Peru’s Pastoruri Glacier, has been a popular destination for skiers, ice climbers and tourists for decades. As the Pastoruri is expected to vanish in the next decade, locals are rushing to capitalize on its last days by promoting, instead of fighting climate change. Peruvians have rebranded the glacier as a place to watch climate change in real time.
Besides the calamitous environmental impact, the shrinking glacier has also seen shrinkage in tourist visits – down from 100,000 tourists in the 1990s to only 34,000 in 2012.The “climate change route” is Peru’s answer to the loss of the Andean glaciers, which have been reduced by between 30 and 50 since 1970s, according to Antoine Rabatel, researcher at the Laboratory for Glaciology and Environmental Geophysics in Grenoble, France. The move to turn the collapsing glacier into a new tourist destination comes after a variety of attempts to slow the melt, including coating the surface of the glacier in 15 cm thick sawdust, which managed to save about five meters of the glacier when applied.

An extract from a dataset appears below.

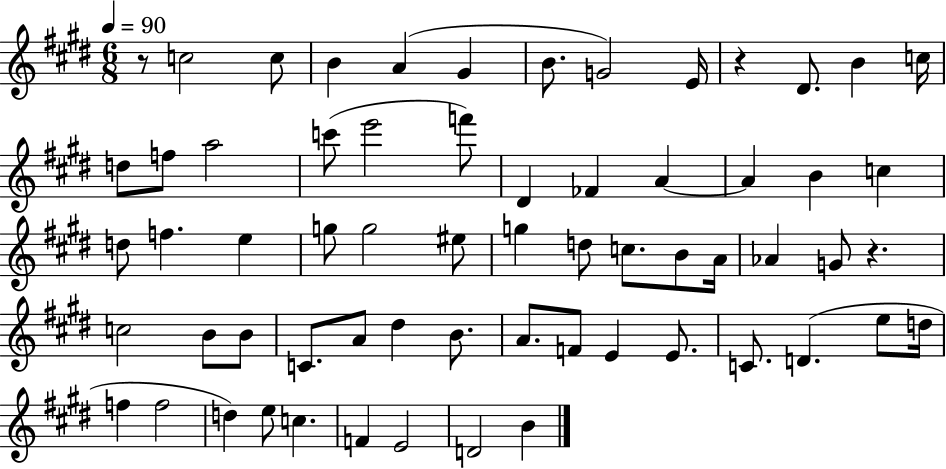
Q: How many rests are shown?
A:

However, Experts claim that these efforts won’t help bring back the retreating glacier, as a combination of the end to the so-called Little Ice Age around 1850 and an increased CO2 in the atmosphere among other factors has led to a warming of the planet.Tourism is a huge market in Peru – from hikers visiting Machu Picchu to foodies sampling Lima’s new gastronomic wonders – and locals are hoping that the new campaign will draw more interest to the area. However, to some people, the idea of visiting a vanishing glacier has been met with icy skepticism.